What’s a decision tree?

• The basic intuition behind a decision tree is to map out all possible decision paths in the form of a tree.
• We need to choose the best attribute with the highest significance and split the data based on that attribute. But what is the measure to choose this attribute?
• We base on the entropy and the information gain.
• Entropy (of each node, between 0 and 1) : the amount of information disorder or the amount of randomness in the data. The lower the entropy, the less uniform the distribution, the purer the node. Each node (entropy) have several ways to split the data (based on different attributes)

• Information gain : The information we “gain” after the split. The tree with the higher information gain will be chosen.

from sklearn.tree import DecisionTreeClassifier
drugTree = DecisionTreeClassifier(criterion="entropy", max_depth = 4)
drugTree.fit(X_trainset,y_trainset)
predTree = drugTree.predict(X_testset)


Differences between logistic regression and linear regression and other classification algorithms?

We use Logistic Rregression instead of Linear Regression because :

• The dependent variable is binary / multiclass (categorical variable), we cannot apply LR in this case.
• We need the know the probabilities of the results.

We use Logistic Regression instead of other categorical classifiers because :

• The predicted probabilities in LR are more well-calibrated.
• If we need to see the impact of some features on the dependent variables.
• When we wanna check the decision boundary.
from sklearn.linear_model import LogisticRegression
LR = LogisticRegression(C=0.01, solver='liblinear').fit(X_train,y_train)
# C parameter indicates inverse of regularization strength which must be a positive float.
yhat = LR.predict(X_test)

# get the probability
#  the first column is the probability of class 1, P(Y=1|X), and second column is probability of class 0, P(Y=0|X):
yhat_prob = LR.predict_proba(X_test)


The idea of Support Vector Machine (SVM)?

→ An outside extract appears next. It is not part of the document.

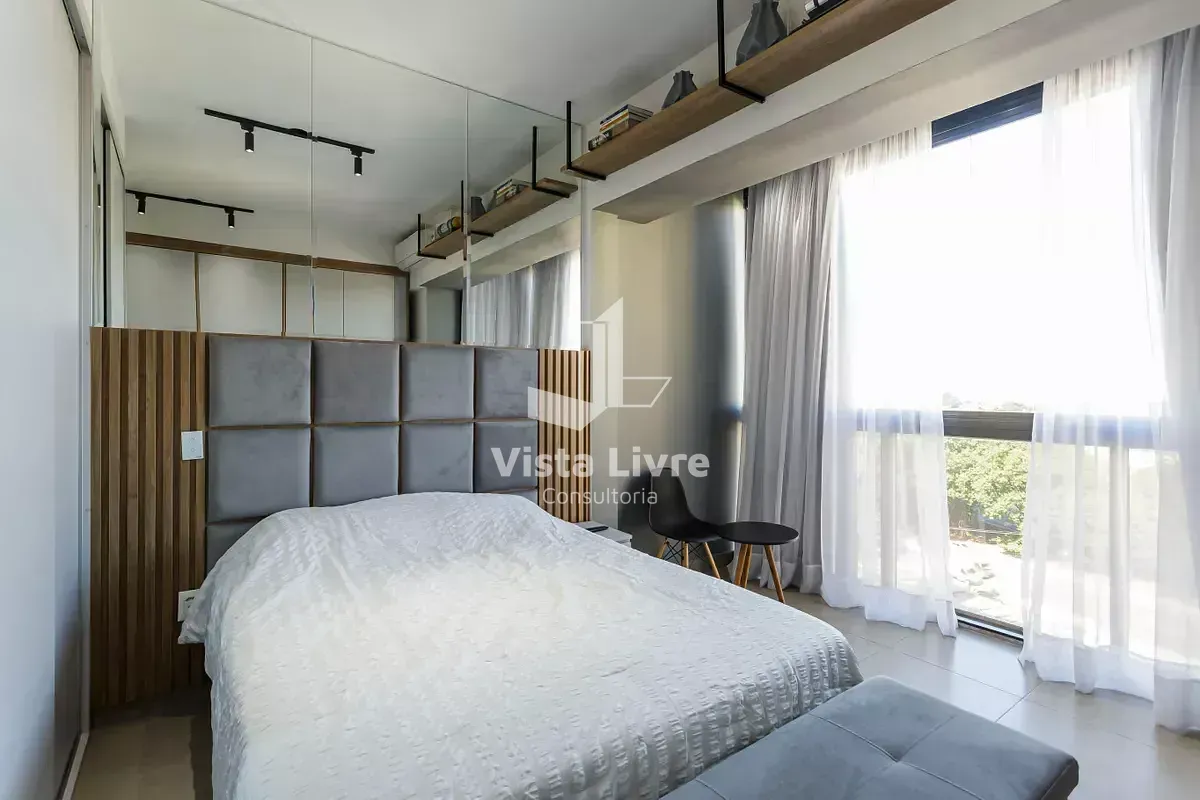 Apartamento, 1 quarto, 27 m² - Foto 6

• It’s a supervised algorithm that classifies cases by mapping data to higher-dimensional feature space and finding the separator.
• How we can transform data to the higher-dimensinal space? By using kernels.
• How we can find the best separator after the transformation? By using SVM.
• Find the largest separation (margin) between two classes.
from sklearn import svm
clf = svm.SVC(kernel='rbf')
clf.fit(X_train, y_train)
yhat = clf.predict(X_test)


Differences between Clustering and Classification

• Classification : you have labeled data and need to make a prediction on the unknown object. It’s supervised learning.
• Clustering : you working on unlabeled data and need to split data into groups where objects have the common properties. It’s unspervised learning.

K-means Clustering?

• We need to separate the data into different groups without knowing their labels beforehand.
• The process is based on “K” centroids at the first glance (they are chosen randomly).
• We divide the data based on the distance of each point to the sigmoids. The shortest distance decides the group to which that point belongs.
• After we have the frist groups, we move the centroids to the mean of each cluster and start again the algorithm until we don’t have too much change on the centroids.
• We need to do several differently initial centroids to find the best results and avoid the local optimization.
• After trying with different K, we need to apply the elbow method to choose the most suitable K.
from sklearn.cluster import KMeans
k_means = KMeans(init = "k-means++", n_clusters = 4, n_init = 12)
# initial centroids
# k-means++ : k-means clustering in a smart way to speed up the convergence
# n_init : number of times we "re-choose" the initial centroids.
k_means.fit(X)
k_means_labels = k_means.labels_ # labels for points
k_means_cluster_centers = k_means.cluster_centers_ # coordinates of the cluster centers


Source of figures used in this post: overfitting, decision tree.